Monday, August 20, 2007

iconv: file too large

The iconv utility is used to convert file encodings. I'm using it to convert a Postgresql database from LATIN1 to UTF8.

However, the standard iconv program slurps the entire file into memory, which doesn't work for large data sets (such as database exports). You'll see errors like:

iconv: unable to allocate buffer for input: Cannot allocate memory
iconv: cannot open input file `database.txt': File too large

This script is just a wrapper that processes the input file in manageable chunks and writes it to standard output: iconv-chunks


compass2k said...

iconv-chunks fails :Bad file descriptor on line 62 (code) line 57893/110meg or 285Meg db dump clean.
this is where subroutines are called in the code .
The command I am running is ./iconv-chunks datafile -f utf-8 -t utf-8 > dataonly_cleaned
Any ideas?

mla said...

Hmmm. What OS are you using?

The iconv program runs fine for you on smaller files?

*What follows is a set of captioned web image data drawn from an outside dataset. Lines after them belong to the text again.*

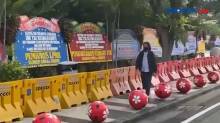 Risma Jadi Mensos, Halaman Balaikota Surabaya Dipenuhi Karangan Bunga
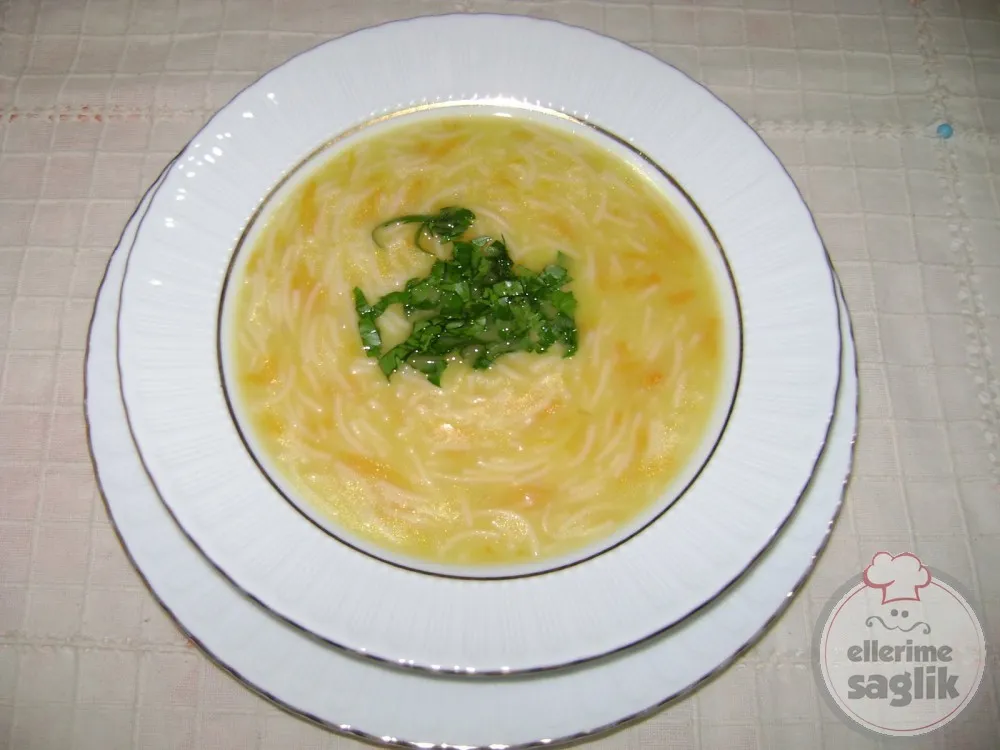 Havuçlu Şehriye Çorbası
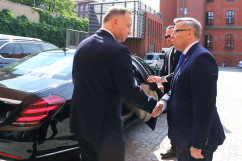 Uroczystość podpisania ustawy o ustanowieniu Narodowego Dnia Powstań Śląskich - pożegnanie Prezydenta RP i wojewody śląskiego Jarosława Wieczorka /fot. A. Księżnik/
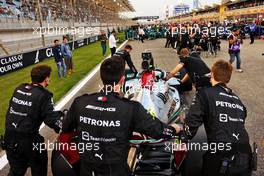 Lewis Hamilton (GBR) Mercedes AMG F1 W13 on the grid. 20.03.2022. Formula 1 World Championship, Rd 1, Bahrain Grand Prix, Sakhir, Bahrain, Race Day.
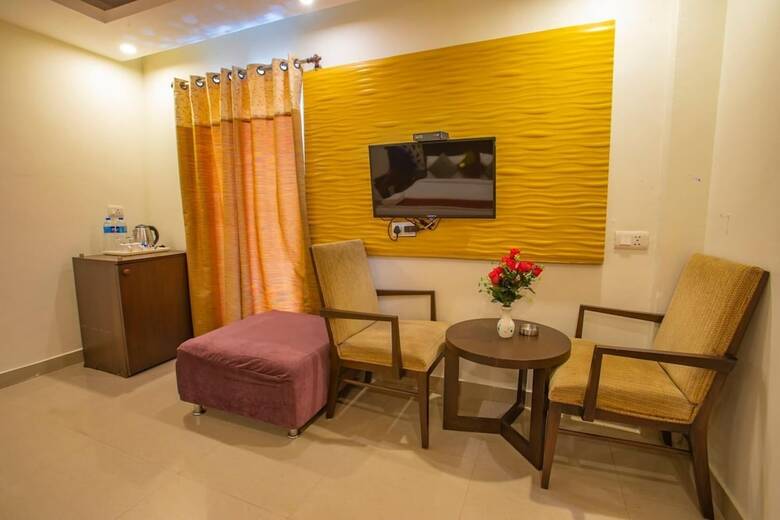 Hotel Nitya Resort
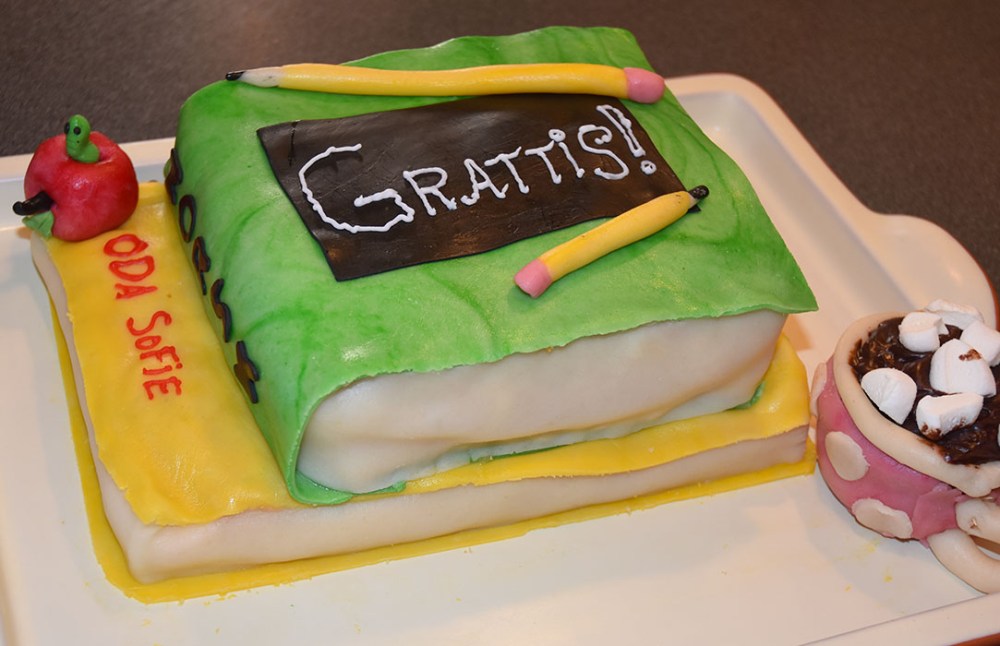 Bokkake Ingredienser bunn (lag to): 2 Egg 180 g Sukker 125 g Hvetemel 1 ½ ts Bakepulver 2 ts Vaniljesukker 1 dl Kokende vann Pynt og fyll: Vaniljekrem (for oppskrift trykk her) Bringebærsyltetøy 1 dl Kremfløte 500 g Marsipan Melis Marispanrose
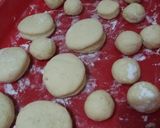 Foto langkah ke 4 dari resep Donat Kentang eggless.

Like 62 looks like the external call to iconv is failing.

Unknown said...

You probably need to add the -c option to skip characters that are not convertible.

nicola said...

file had 4.2G size
here is my solution

uconv -f UTF-16LE -t UTF-8 < data.csv > data_utf8.csv

may be will work with iconv too

nicola said...

! and uconv support callbacks for invlid characters - read man

R.M said...

how can I add this script ?
from where?

mla said...

The script is available here:

Anonymous said...

With my perl this script leaves a tmp file in /tmp. Unfortunately, discovered this when /tmp filled up completely.

I appended this line to fix it.

unlink $tmp;

mla said...

Fixed the removal of the temp file and moved the script to github:

Артем said...

[root@db1 scripts]# ./iconv-chunks /root/scripts/hist1.dmp -f utf8 -t utf32 > /root/scripts/hist2.dmp
iconv: illegal input sequence at position 535322
command 'iconv -f utf8 -t utf32 /tmp/44RA8vXwBe' failed: Inappropriate ioctl for device at ./iconv-chunks line 63, <> line 3295.

Can you help?

mla said...

Are you sure hist1.dmp is encoded as utf8? Maybe really it's Latin1? Try "-f latin1" instead.